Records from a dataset
+ + + + + + +
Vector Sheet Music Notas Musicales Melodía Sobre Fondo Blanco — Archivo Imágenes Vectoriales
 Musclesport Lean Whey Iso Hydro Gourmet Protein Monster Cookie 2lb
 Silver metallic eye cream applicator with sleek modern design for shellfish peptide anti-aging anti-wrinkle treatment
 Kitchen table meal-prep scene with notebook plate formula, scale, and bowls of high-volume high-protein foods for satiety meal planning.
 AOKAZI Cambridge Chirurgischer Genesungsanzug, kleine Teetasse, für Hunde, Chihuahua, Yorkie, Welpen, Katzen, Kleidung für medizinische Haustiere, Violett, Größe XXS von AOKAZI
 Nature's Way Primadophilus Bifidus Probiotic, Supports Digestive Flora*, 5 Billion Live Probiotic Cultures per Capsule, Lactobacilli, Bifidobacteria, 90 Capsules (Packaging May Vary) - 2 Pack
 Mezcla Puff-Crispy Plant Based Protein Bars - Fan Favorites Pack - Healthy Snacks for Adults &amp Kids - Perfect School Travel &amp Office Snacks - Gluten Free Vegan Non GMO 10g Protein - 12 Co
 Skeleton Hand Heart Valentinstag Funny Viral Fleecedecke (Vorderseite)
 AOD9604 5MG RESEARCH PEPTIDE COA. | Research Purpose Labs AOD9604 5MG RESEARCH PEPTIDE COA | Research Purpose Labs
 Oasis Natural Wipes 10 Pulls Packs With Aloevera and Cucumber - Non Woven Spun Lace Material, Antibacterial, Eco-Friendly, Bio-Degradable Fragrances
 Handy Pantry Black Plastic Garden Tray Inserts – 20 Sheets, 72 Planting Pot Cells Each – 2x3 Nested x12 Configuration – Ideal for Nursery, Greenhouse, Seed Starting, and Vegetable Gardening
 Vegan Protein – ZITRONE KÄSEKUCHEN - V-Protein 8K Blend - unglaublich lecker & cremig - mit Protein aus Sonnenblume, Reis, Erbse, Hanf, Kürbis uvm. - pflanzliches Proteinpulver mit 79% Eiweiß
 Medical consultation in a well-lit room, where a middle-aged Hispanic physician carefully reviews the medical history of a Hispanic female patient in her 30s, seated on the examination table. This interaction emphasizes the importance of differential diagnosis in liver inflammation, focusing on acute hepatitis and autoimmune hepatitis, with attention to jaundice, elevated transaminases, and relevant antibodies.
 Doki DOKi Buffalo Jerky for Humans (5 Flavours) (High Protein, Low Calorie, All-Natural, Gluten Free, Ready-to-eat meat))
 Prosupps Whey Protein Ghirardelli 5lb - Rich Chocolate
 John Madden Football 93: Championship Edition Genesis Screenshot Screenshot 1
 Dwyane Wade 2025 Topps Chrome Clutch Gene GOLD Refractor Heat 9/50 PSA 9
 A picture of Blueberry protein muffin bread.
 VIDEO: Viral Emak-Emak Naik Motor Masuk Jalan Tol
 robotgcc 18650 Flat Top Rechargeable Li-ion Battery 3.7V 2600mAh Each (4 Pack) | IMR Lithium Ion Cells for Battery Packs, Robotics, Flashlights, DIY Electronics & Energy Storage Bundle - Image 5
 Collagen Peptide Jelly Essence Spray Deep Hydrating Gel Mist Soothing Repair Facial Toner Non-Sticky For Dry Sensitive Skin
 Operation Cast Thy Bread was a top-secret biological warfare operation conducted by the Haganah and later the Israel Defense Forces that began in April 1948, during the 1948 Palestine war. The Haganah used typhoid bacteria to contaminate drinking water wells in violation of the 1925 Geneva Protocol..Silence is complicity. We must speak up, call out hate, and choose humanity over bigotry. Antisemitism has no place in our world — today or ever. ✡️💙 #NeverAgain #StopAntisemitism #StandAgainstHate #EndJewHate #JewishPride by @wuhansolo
+ + + + + + +
**Exercise requirements:**
The reply should consist solely of the lines of the data, exact, from the opening line through the line with "Oasis Natural Wipes", inclusive.

**Answer section:**
Vector Sheet Music Notas Musicales Melodía Sobre Fondo Blanco — Archivo Imágenes Vectoriales
 Musclesport Lean Whey Iso Hydro Gourmet Protein Monster Cookie 2lb
 Silver metallic eye cream applicator with sleek modern design for shellfish peptide anti-aging anti-wrinkle treatment
 Kitchen table meal-prep scene with notebook plate formula, scale, and bowls of high-volume high-protein foods for satiety meal planning.
 AOKAZI Cambridge Chirurgischer Genesungsanzug, kleine Teetasse, für Hunde, Chihuahua, Yorkie, Welpen, Katzen, Kleidung für medizinische Haustiere, Violett, Größe XXS von AOKAZI
 Nature's Way Primadophilus Bifidus Probiotic, Supports Digestive Flora*, 5 Billion Live Probiotic Cultures per Capsule, Lactobacilli, Bifidobacteria, 90 Capsules (Packaging May Vary) - 2 Pack
 Mezcla Puff-Crispy Plant Based Protein Bars - Fan Favorites Pack - Healthy Snacks for Adults &amp Kids - Perfect School Travel &amp Office Snacks - Gluten Free Vegan Non GMO 10g Protein - 12 Co
 Skeleton Hand Heart Valentinstag Funny Viral Fleecedecke (Vorderseite)
 AOD9604 5MG RESEARCH PEPTIDE COA. | Research Purpose Labs AOD9604 5MG RESEARCH PEPTIDE COA | Research Purpose Labs
 Oasis Natural Wipes 10 Pulls Packs With Aloevera and Cucumber - Non Woven Spun Lace Material, Antibacterial, Eco-Friendly, Bio-Degradable Fragrances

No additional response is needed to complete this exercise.